Florida Gators – No. 5
- Left Fielder
- Born: November 6, 2003 (age 22) Orlando, Florida, U.S.
- Bats: RightThrows: Right
- Stats at Baseball Reference

Teams
- Miami Hurricanes (2023-2024); Florida Gators (2025-Present);

Career highlights and awards
- 2023 Consensus First Team Freshman All-American; 2023 Freshman All-ACC Team;

= Blake Cyr =

Florida Gator baseball player

Blake Aaron Cyr (born November 6, 2003) is an American college baseball left fielder for the Florida Gators.

==Early life==

Cyr was born in Orlando, Florida. He attended Windermere High School, where he played shortstop and was noted for his strong throwing arm and above-average power for his frame. Cyr batted .375 during his senior season. Having been committed to the Miami Hurricanes since he was in eight grade, he ignored draft interest and enrolled in college.

==College career==

=== Miami ===

Cyr enrolled at Miami on June 3, 2024. In his freshman campaign, he played in 60 of the team's 63 games. Primarily as a second baseman, he slashed .305/.427/.620 to earn Freshman All-ACC and Freshman All-American honors. During a home elimination game against Louisiana in the 2023 NCAA Division I baseball tournament, Cyr hit a three-run home run in a game that the Hurricanes eventually won 8–5. They were eventually eliminated against Texas in a game where he went 1-for-4 and scored a run.

Ahead of his sophomore season, Cyr was projected to be the 20th best 2025 MLB draft prospect in college baseball. Instead of starting the season at second base, he would start at left field. He earned ACC Player of the Week honors after going 8-for-16 with 3 home runs and 11 RBI in a 4-game stretch. One of the home runs was a go-ahead grand slam to complete Miami's largest comeback win since 1992. Cyr suffered a season-ending thumb injury on April 5 while sliding into a base against Duke. He ended the season with only 25 games, having slashed .284/.397/.537.
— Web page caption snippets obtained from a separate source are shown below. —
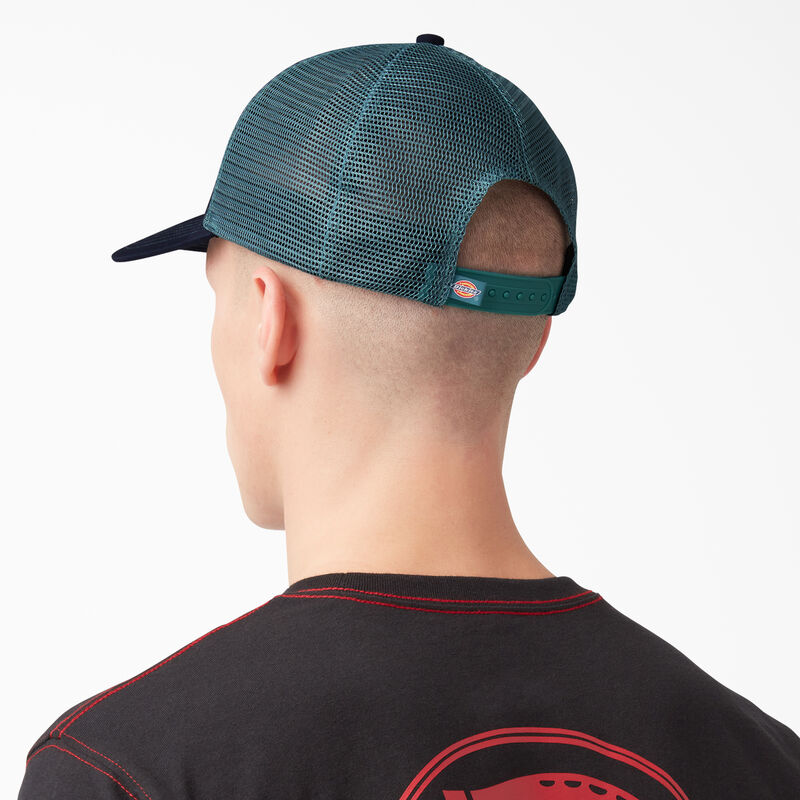 Dickies Patch Logo Trucker Cap Ink Navy/Porcelain ID-MwdAAITO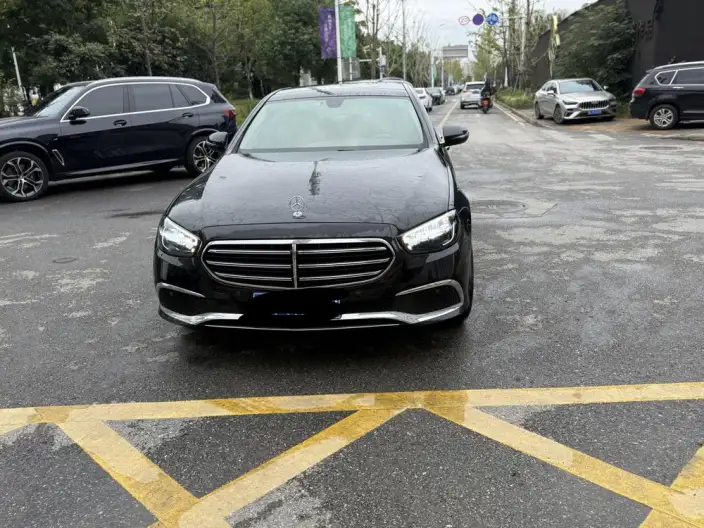 Mercedes-Benz E-Class 2023 Model E 260 L sedan – фото 2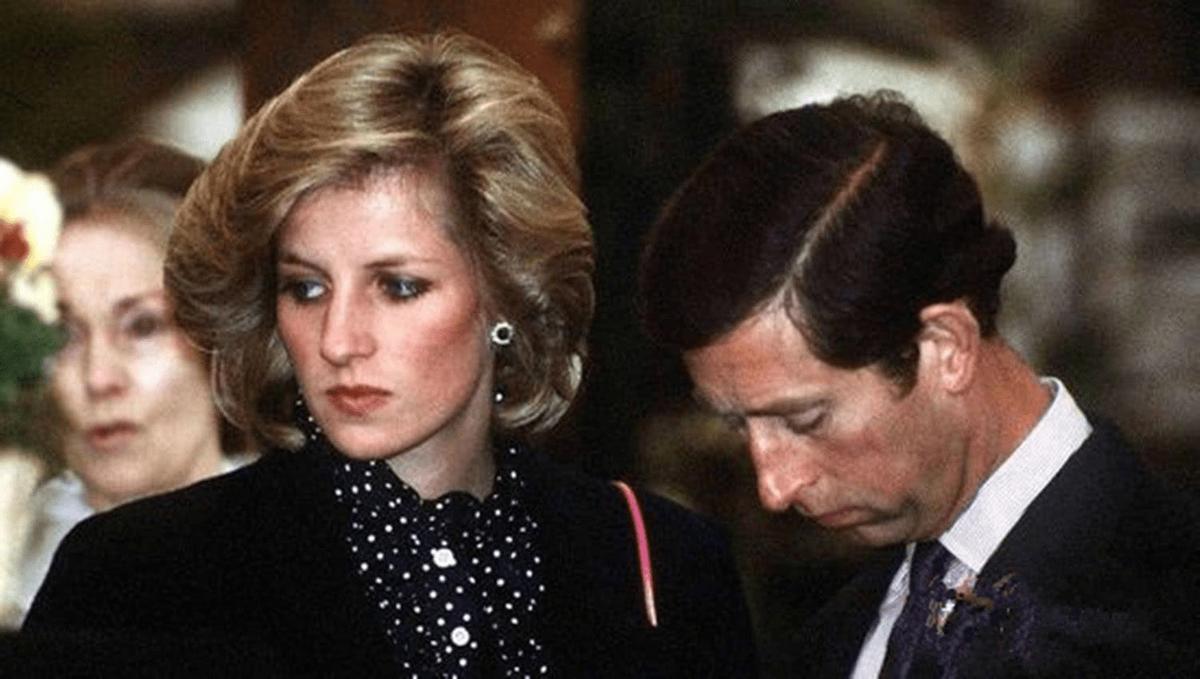 戴安娜初中毕业,戴安娜是高中生吗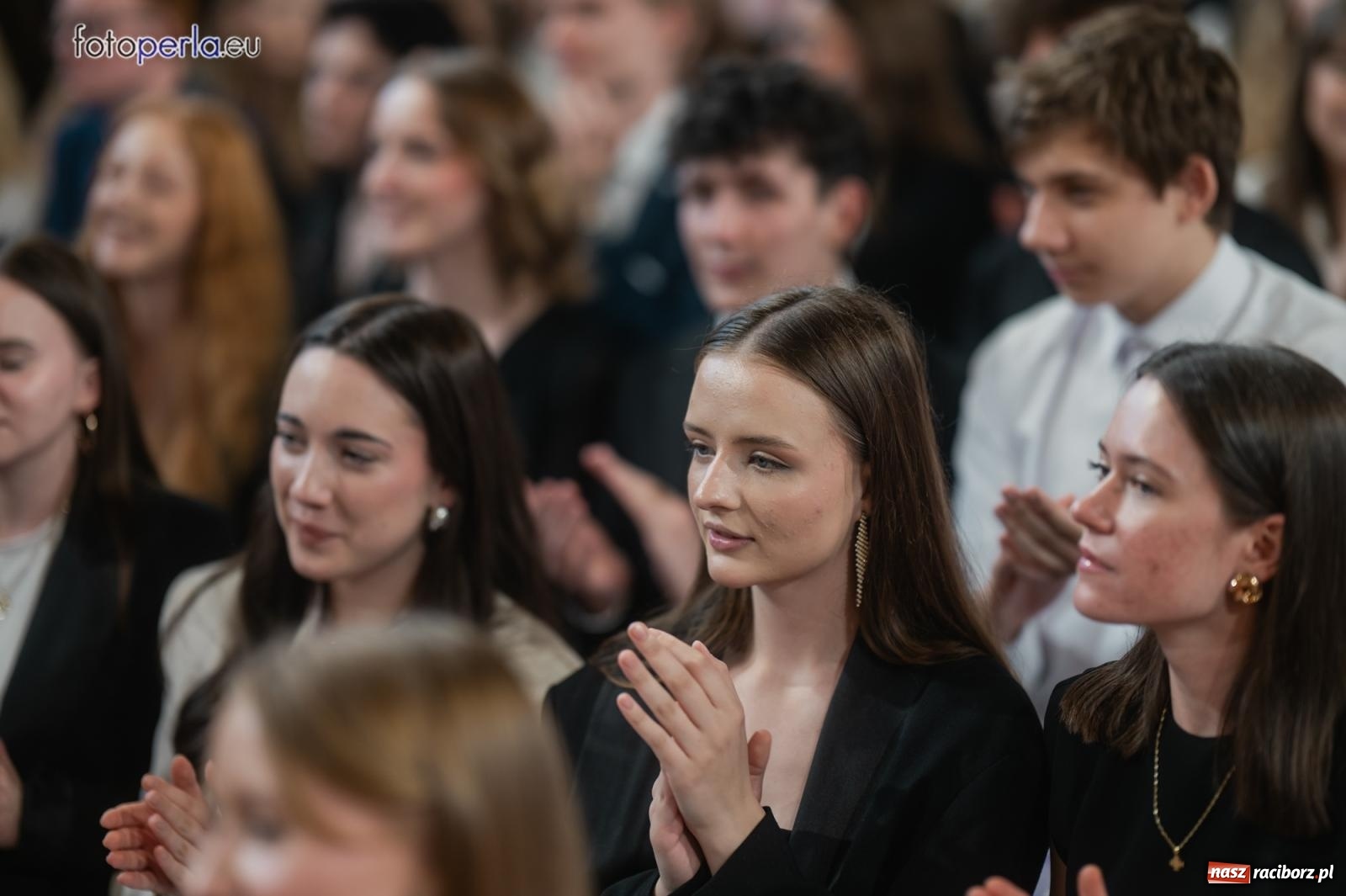 Zdjęcie w galerii na portalu naszraciborz.pl: II LO żegna swoich maturzystów. Są gotowi do podboju świata wiadomości z regionu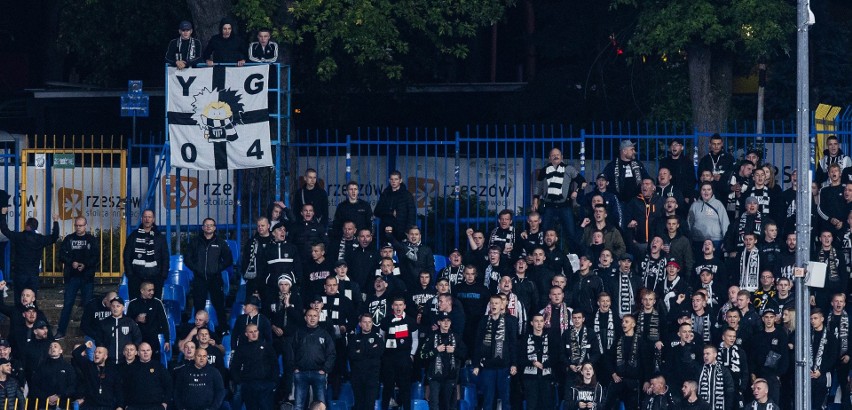 Resovia - Sandecja. Kibice drużyny z Nowego Sącza na...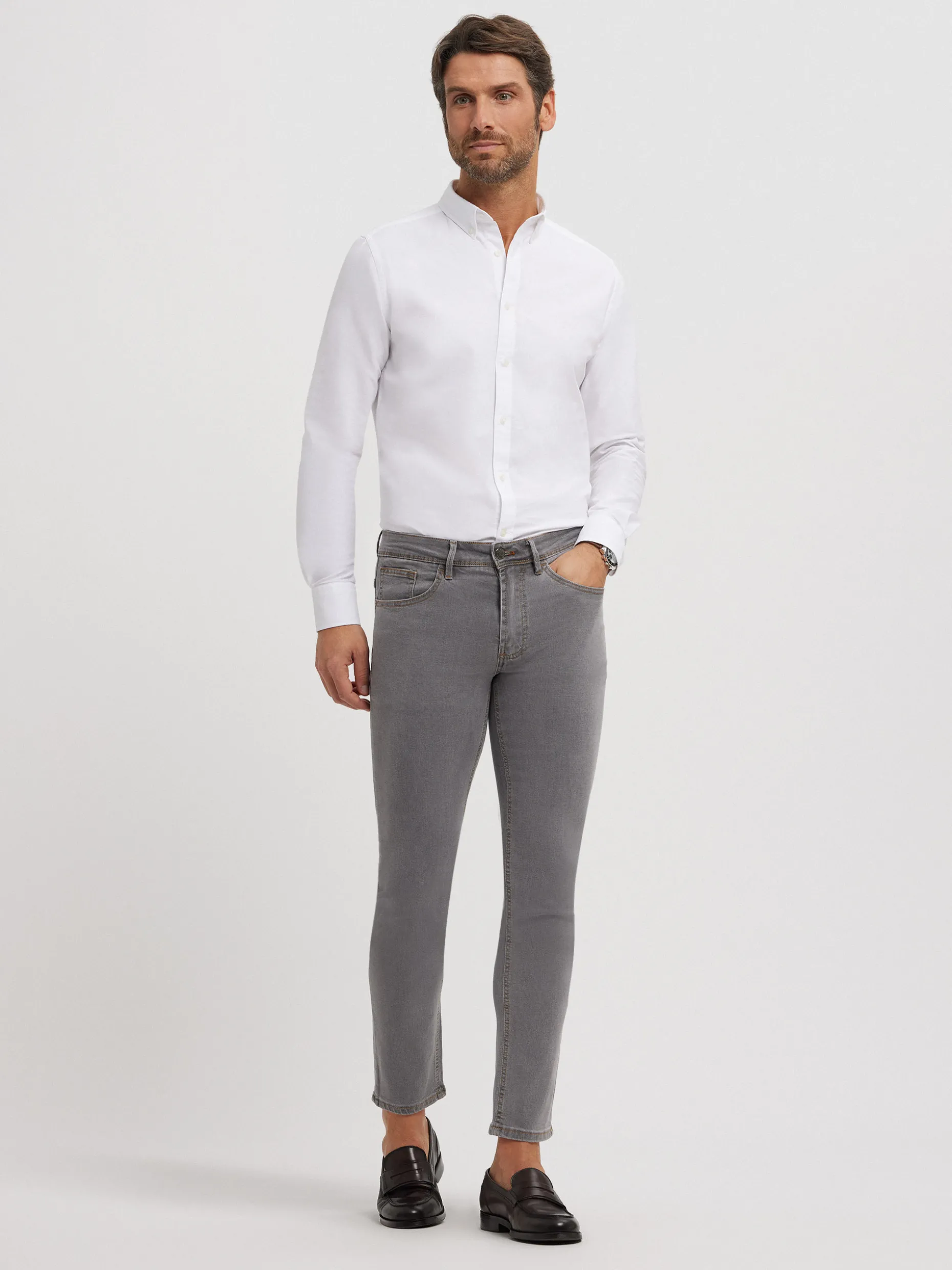 Jeans Slim Aderenti Essenziali - Collezione Premium di Alvaro Moreno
Cyr entered the transfer portal and committed to Florida on June 4, 2024.

=== Florida ===

Considered one of the top 12 transfers in college baseball by NCAA.com, Cyr would be the opening day starter at left field for Florida. He reached base for 21 straight games to open the season, slashing .373/.469/.612 during that time. An injury crisis late in the season meant that he also saw very limited action as a second baseman. During the 2025 NCAA Division I Baseball Tournament, Cyr went 5-for-13 as the Gators were eliminated by Eastern Carolina.